Намереваясь уйти из «Тибор де Надь», Хелен, без сомнений, советовалась с Бобом и Клемом, и оба, скорее всего, одобрили ее решение. А вот нового арт-дилера она выбрала абсолютно самостоятельно. Галереей, на которую она обратила внимание, управлял Андре Эммерих — старый друг Хелен, двоюродный брат Габи Роджерс[653].
В 1941 году Андре бежал из нацистской Германии. В 1954-м, воспользовавшись семейными связями в Париже в сфере искусства и помощью Клема Гринберга, открыл галерею в Нью-Йорке[654]. Он мог обеспечить Хелен ту поддержку, в которой она, по ее мнению, нуждалась, и его стиль соответствовал стилю ее новой жизни в состоятельной части города. «Есть такая фраза “богема высшего уровня” — ею, безусловно, можно описать мой мир», — часто говорил Андре[655]. Так же описывался и теперешний мир Хелен.

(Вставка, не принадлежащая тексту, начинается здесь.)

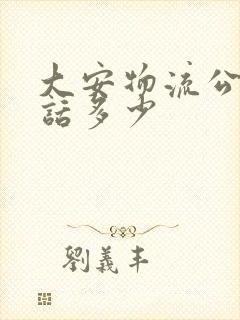 大安物流公司电话多少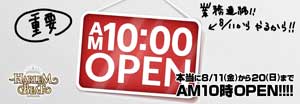 五反田ハーレムビート朝１０時からオープン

Джон же с ликованием насмехался над выбором Хелен: дескать, она выбрала галериста, женатого на наследнице изобретателя ирисок «Тутси Ролл»[656].

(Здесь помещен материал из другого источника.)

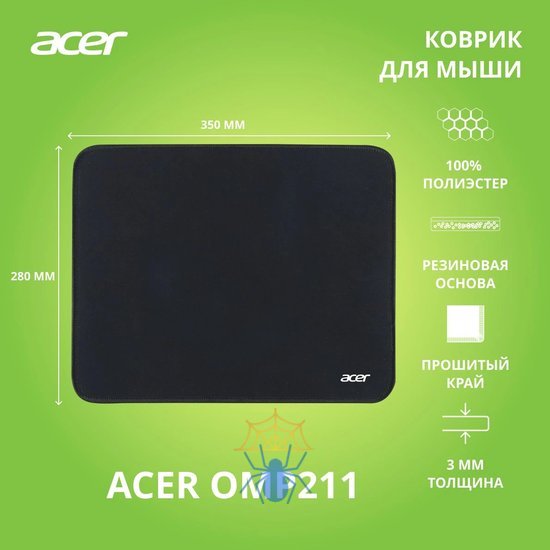 Коврик для мыши Acer OMP211 ZL.MSPEE.002 фото 2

К началу декабря разрыв с Джоном окончательно состоялся, и Хелен наконец-то смогла вернуться к работе[657]. Она попробовала силы в скульптуре, начала переносить на холст образы, впитанные во время путешествия по Европе[658]. Во всех аспектах жизни она начинала с нуля. По иронии судьбы, это произошло на Верхнем Ист-Сайде, неподалеку от места, откуда в свое время начинались ее искания. Но за прошедшее время Хелен объездила весь мир.
Ли в каком-то смысле тоже вернулась к истокам. Прожив двенадцать лет на Лонг-Айленде, в 1957 году она сняла квартиру в городе на 72-й Восточной улице, проводя в Спрингсе только лето[659]. В этом доме ей было слишком тесно даже одной, к тому же комнаты вызывали чересчур много воспоминаний[660]. Чтобы в свои 49 начать сначала — и как Ли Краснер — художник, и как Ли Поллок — распорядительница наследия Джексона Поллока, — она нуждалась в надежном убежище.

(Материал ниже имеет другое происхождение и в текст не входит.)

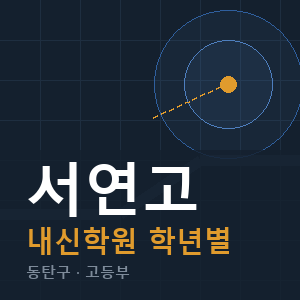 서연고 내신 학원 안내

От нее зависело, как Джексон и его творчество войдут в историю искусства — а в том, что они в нее непременно войдут, она никогда не сомневалась. Сотрудничая с Фрэнком О’Харой и Музеем современного искусства, она отправляла картины Джексона в разные страны[661]. Обратная реакция убедила ее: некоторые рассматривают его произведения как вариант перспективных финансовых инвестиций, но более широкая аудитория видит в нем то же, что и сама Ли, — художника, рискнувшего всем, чтобы предложить разрушенному миру новое средство самовыражения.
Ли убедила себя, что Сидни Дженис явно относится к первой категории и ценит Джексона только с точки зрения финансовой выгоды. Во время второй посмертной выставки, в которой участвовали в основном небольшие полотна, Дженис с Ли сильно поспорили из-за цен. Он хотел продавать работы Поллока дешевле трех тысяч долларов за штуку. Ли уступила галеристу, о чем жалела потом всю жизнь. Выставка распродалась вся до последней картины.
Ли запаниковала. Работы мужа стремительно и навсегда утекали из ее рук, и она начала всерьез подумывать о том, чтобы забрать оставшееся из галереи Джениса[662]. В конце концов, это же на нее свалились все заботы, связанные со встречами и перепиской в рамках управления наследием Поллока[663], так почему бы ей самой не контролировать судьбу его полотен?